━━━━━ Entries supplied ━━━━━

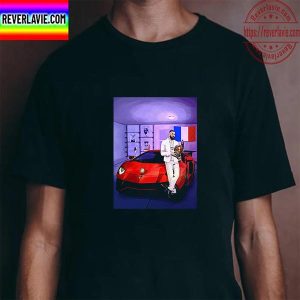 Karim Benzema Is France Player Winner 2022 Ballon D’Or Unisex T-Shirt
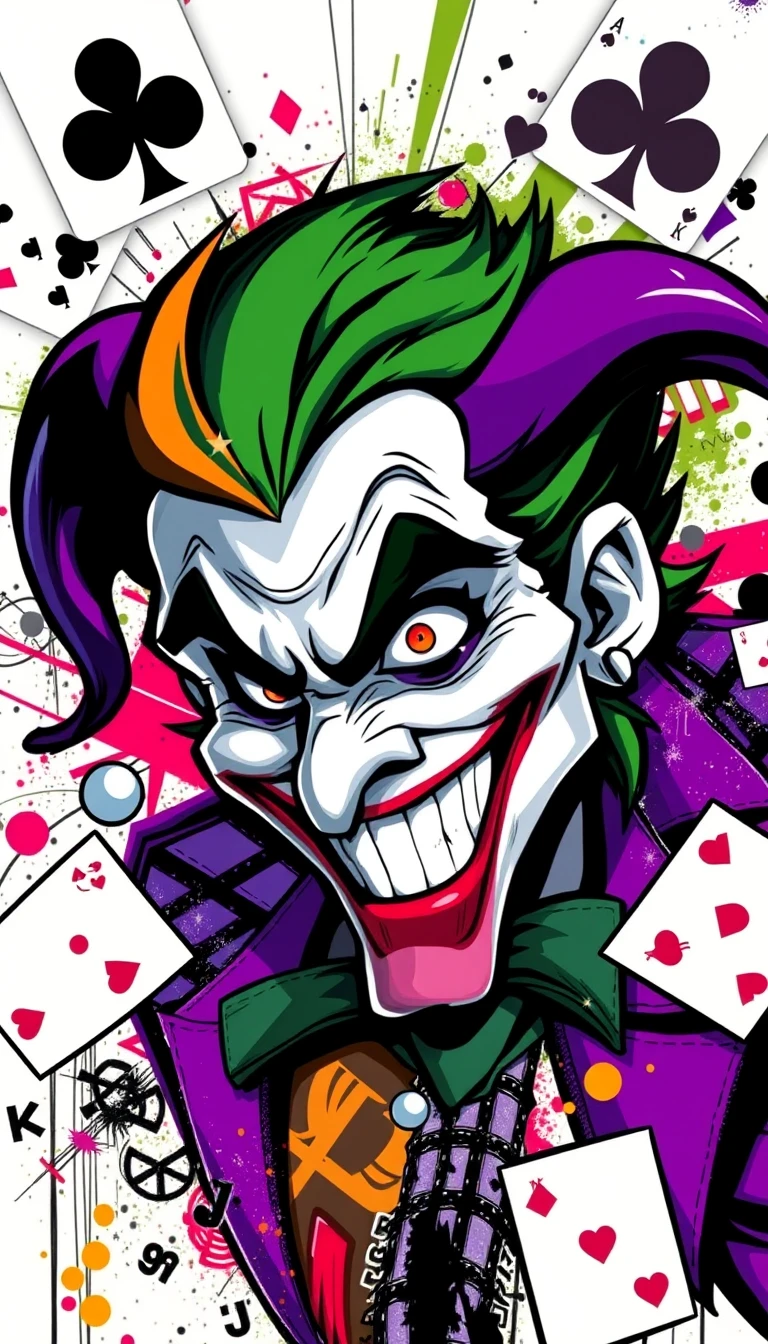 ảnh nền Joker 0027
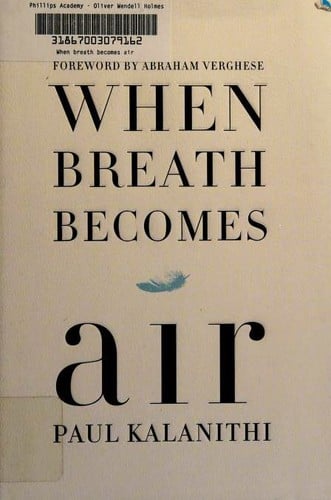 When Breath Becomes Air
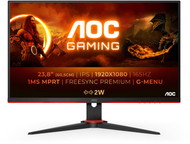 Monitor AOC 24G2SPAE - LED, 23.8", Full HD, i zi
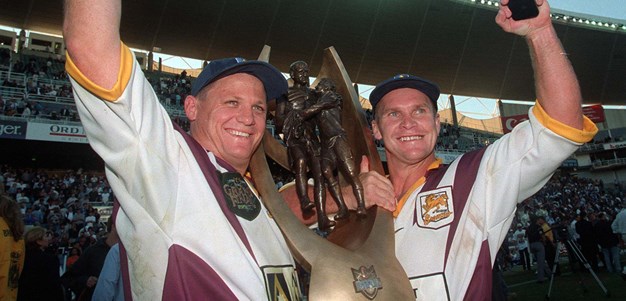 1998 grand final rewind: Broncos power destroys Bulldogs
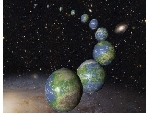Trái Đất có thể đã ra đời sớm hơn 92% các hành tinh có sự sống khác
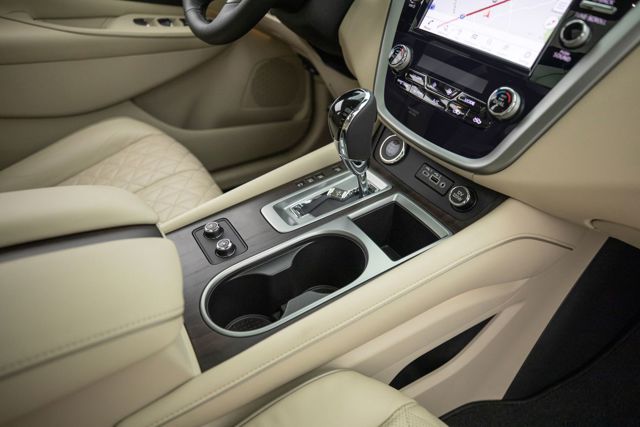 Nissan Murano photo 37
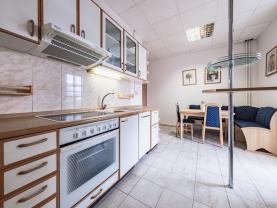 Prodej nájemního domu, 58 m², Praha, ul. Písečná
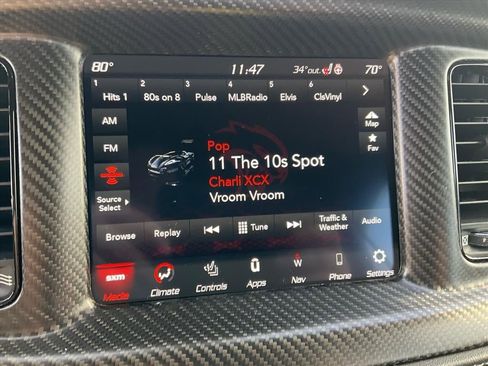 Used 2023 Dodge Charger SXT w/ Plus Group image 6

━━━━━

● **Problem details**: An exact copy of the lines from the one with "Monitor AOC 24G2SPAE" through the end of the entries above, both included, is the whole answer. It contains no pictures.

● **Reply to the exercise**:
 Monitor AOC 24G2SPAE - LED, 23.8", Full HD, i zi
 1998 grand final rewind: Broncos power destroys Bulldogs
Trái Đất có thể đã ra đời sớm hơn 92% các hành tinh có sự sống khác
 Nissan Murano photo 37
 Prodej nájemního domu, 58 m², Praha, ul. Písečná
 Used 2023 Dodge Charger SXT w/ Plus Group image 6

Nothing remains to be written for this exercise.